## [Task to complete]
What is needed is an exact copy of all the entries below.
╭─ Data supplied
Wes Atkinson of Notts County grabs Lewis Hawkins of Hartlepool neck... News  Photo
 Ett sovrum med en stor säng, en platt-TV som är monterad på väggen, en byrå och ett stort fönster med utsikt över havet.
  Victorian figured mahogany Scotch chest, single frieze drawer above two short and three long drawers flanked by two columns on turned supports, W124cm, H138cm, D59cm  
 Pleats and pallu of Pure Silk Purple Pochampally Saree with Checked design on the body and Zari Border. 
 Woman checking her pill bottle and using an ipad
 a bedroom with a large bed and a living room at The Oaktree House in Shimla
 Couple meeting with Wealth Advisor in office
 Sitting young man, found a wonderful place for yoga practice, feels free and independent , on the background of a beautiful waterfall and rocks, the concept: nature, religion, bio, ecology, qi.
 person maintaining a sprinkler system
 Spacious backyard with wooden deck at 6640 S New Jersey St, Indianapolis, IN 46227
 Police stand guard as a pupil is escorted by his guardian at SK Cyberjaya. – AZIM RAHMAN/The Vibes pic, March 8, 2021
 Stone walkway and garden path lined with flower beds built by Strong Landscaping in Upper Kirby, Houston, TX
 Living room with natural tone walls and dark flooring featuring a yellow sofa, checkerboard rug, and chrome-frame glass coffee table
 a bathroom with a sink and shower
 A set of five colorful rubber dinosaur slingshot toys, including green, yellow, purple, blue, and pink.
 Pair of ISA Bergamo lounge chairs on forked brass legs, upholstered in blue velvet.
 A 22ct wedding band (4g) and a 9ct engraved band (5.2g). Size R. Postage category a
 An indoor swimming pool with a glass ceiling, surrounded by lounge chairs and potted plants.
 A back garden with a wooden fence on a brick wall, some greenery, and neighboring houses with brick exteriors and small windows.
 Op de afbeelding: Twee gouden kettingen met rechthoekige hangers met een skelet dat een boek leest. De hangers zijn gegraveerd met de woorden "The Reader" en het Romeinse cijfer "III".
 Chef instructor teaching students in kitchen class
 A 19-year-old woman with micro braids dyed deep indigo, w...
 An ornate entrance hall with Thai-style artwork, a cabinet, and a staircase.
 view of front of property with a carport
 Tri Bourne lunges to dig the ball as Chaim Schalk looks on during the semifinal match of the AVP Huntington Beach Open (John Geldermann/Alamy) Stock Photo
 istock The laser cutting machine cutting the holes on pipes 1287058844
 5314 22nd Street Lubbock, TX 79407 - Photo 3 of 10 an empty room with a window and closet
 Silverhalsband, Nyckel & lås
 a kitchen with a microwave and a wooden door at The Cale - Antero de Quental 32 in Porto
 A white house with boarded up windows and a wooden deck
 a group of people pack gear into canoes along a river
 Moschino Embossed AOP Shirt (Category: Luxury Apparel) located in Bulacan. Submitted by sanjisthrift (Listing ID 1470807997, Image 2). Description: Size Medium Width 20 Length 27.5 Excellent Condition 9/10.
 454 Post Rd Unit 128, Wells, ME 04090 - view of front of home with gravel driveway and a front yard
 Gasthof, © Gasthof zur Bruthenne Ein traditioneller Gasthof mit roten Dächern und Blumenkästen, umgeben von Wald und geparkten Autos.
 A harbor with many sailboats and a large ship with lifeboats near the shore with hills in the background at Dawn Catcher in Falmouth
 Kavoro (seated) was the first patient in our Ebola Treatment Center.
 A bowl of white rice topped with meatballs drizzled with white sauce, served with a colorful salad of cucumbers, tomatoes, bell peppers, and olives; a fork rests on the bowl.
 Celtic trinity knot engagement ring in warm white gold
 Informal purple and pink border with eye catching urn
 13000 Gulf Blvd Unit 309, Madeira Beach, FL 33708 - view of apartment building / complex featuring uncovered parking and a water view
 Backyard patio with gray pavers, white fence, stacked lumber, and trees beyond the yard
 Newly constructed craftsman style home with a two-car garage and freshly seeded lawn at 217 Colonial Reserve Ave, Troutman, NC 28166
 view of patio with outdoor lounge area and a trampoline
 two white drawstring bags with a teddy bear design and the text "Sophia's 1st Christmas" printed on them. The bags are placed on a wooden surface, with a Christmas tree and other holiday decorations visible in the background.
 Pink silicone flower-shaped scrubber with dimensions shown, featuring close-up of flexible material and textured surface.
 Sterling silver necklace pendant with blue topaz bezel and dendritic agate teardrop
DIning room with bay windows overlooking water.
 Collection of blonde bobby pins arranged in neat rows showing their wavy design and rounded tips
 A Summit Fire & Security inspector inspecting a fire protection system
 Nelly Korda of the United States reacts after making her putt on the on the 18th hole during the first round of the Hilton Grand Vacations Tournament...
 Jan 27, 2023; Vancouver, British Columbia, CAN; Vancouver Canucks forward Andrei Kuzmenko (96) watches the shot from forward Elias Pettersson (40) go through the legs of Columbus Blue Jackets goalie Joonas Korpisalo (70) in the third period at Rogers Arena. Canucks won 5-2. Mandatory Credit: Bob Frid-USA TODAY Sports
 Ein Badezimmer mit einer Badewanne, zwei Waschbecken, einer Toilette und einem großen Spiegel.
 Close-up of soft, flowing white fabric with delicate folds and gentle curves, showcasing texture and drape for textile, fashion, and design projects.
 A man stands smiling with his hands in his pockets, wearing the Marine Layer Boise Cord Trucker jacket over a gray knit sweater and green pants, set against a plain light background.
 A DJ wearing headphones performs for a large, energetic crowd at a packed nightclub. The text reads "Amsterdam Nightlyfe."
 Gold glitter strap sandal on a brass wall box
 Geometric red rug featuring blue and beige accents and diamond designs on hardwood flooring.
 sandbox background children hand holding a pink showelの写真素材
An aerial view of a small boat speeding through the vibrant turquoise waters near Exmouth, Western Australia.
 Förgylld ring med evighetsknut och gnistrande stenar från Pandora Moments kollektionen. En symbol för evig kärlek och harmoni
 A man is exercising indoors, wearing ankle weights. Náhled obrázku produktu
╰─
## [Response]
Wes Atkinson of Notts County grabs Lewis Hawkins of Hartlepool neck... News  Photo
 Ett sovrum med en stor säng, en platt-TV som är monterad på väggen, en byrå och ett stort fönster med utsikt över havet.
  Victorian figured mahogany Scotch chest, single frieze drawer above two short and three long drawers flanked by two columns on turned supports, W124cm, H138cm, D59cm  
 Pleats and pallu of Pure Silk Purple Pochampally Saree with Checked design on the body and Zari Border. 
 Woman checking her pill bottle and using an ipad
 a bedroom with a large bed and a living room at The Oaktree House in Shimla
 Couple meeting with Wealth Advisor in office
 Sitting young man, found a wonderful place for yoga practice, feels free and independent , on the background of a beautiful waterfall and rocks, the concept: nature, religion, bio, ecology, qi.
 person maintaining a sprinkler system
 Spacious backyard with wooden deck at 6640 S New Jersey St, Indianapolis, IN 46227
 Police stand guard as a pupil is escorted by his guardian at SK Cyberjaya. – AZIM RAHMAN/The Vibes pic, March 8, 2021
 Stone walkway and garden path lined with flower beds built by Strong Landscaping in Upper Kirby, Houston, TX
 Living room with natural tone walls and dark flooring featuring a yellow sofa, checkerboard rug, and chrome-frame glass coffee table
 a bathroom with a sink and shower
 A set of five colorful rubber dinosaur slingshot toys, including green, yellow, purple, blue, and pink.
 Pair of ISA Bergamo lounge chairs on forked brass legs, upholstered in blue velvet.
 A 22ct wedding band (4g) and a 9ct engraved band (5.2g). Size R. Postage category a
 An indoor swimming pool with a glass ceiling, surrounded by lounge chairs and potted plants.
 A back garden with a wooden fence on a brick wall, some greenery, and neighboring houses with brick exteriors and small windows.
 Op de afbeelding: Twee gouden kettingen met rechthoekige hangers met een skelet dat een boek leest. De hangers zijn gegraveerd met de woorden "The Reader" en het Romeinse cijfer "III".
 Chef instructor teaching students in kitchen class
 A 19-year-old woman with micro braids dyed deep indigo, w...
 An ornate entrance hall with Thai-style artwork, a cabinet, and a staircase.
 view of front of property with a carport
 Tri Bourne lunges to dig the ball as Chaim Schalk looks on during the semifinal match of the AVP Huntington Beach Open (John Geldermann/Alamy) Stock Photo
 istock The laser cutting machine cutting the holes on pipes 1287058844
 5314 22nd Street Lubbock, TX 79407 - Photo 3 of 10 an empty room with a window and closet
 Silverhalsband, Nyckel & lås
 a kitchen with a microwave and a wooden door at The Cale - Antero de Quental 32 in Porto
 A white house with boarded up windows and a wooden deck
 a group of people pack gear into canoes along a river
 Moschino Embossed AOP Shirt (Category: Luxury Apparel) located in Bulacan. Submitted by sanjisthrift (Listing ID 1470807997, Image 2). Description: Size Medium Width 20 Length 27.5 Excellent Condition 9/10.
 454 Post Rd Unit 128, Wells, ME 04090 - view of front of home with gravel driveway and a front yard
 Gasthof, © Gasthof zur Bruthenne Ein traditioneller Gasthof mit roten Dächern und Blumenkästen, umgeben von Wald und geparkten Autos.
 A harbor with many sailboats and a large ship with lifeboats near the shore with hills in the background at Dawn Catcher in Falmouth
 Kavoro (seated) was the first patient in our Ebola Treatment Center.
 A bowl of white rice topped with meatballs drizzled with white sauce, served with a colorful salad of cucumbers, tomatoes, bell peppers, and olives; a fork rests on the bowl.
 Celtic trinity knot engagement ring in warm white gold
 Informal purple and pink border with eye catching urn
 13000 Gulf Blvd Unit 309, Madeira Beach, FL 33708 - view of apartment building / complex featuring uncovered parking and a water view
 Backyard patio with gray pavers, white fence, stacked lumber, and trees beyond the yard
 Newly constructed craftsman style home with a two-car garage and freshly seeded lawn at 217 Colonial Reserve Ave, Troutman, NC 28166
 view of patio with outdoor lounge area and a trampoline
 two white drawstring bags with a teddy bear design and the text "Sophia's 1st Christmas" printed on them. The bags are placed on a wooden surface, with a Christmas tree and other holiday decorations visible in the background.
 Pink silicone flower-shaped scrubber with dimensions shown, featuring close-up of flexible material and textured surface.
 Sterling silver necklace pendant with blue topaz bezel and dendritic agate teardrop
DIning room with bay windows overlooking water.
 Collection of blonde bobby pins arranged in neat rows showing their wavy design and rounded tips
 A Summit Fire & Security inspector inspecting a fire protection system
 Nelly Korda of the United States reacts after making her putt on the on the 18th hole during the first round of the Hilton Grand Vacations Tournament...
 Jan 27, 2023; Vancouver, British Columbia, CAN; Vancouver Canucks forward Andrei Kuzmenko (96) watches the shot from forward Elias Pettersson (40) go through the legs of Columbus Blue Jackets goalie Joonas Korpisalo (70) in the third period at Rogers Arena. Canucks won 5-2. Mandatory Credit: Bob Frid-USA TODAY Sports
 Ein Badezimmer mit einer Badewanne, zwei Waschbecken, einer Toilette und einem großen Spiegel.
 Close-up of soft, flowing white fabric with delicate folds and gentle curves, showcasing texture and drape for textile, fashion, and design projects.
 A man stands smiling with his hands in his pockets, wearing the Marine Layer Boise Cord Trucker jacket over a gray knit sweater and green pants, set against a plain light background.
 A DJ wearing headphones performs for a large, energetic crowd at a packed nightclub. The text reads "Amsterdam Nightlyfe."
 Gold glitter strap sandal on a brass wall box
 Geometric red rug featuring blue and beige accents and diamond designs on hardwood flooring.
 sandbox background children hand holding a pink showelの写真素材
An aerial view of a small boat speeding through the vibrant turquoise waters near Exmouth, Western Australia.
 Förgylld ring med evighetsknut och gnistrande stenar från Pandora Moments kollektionen. En symbol för evig kärlek och harmoni
 A man is exercising indoors, wearing ankle weights. Náhled obrázku produktu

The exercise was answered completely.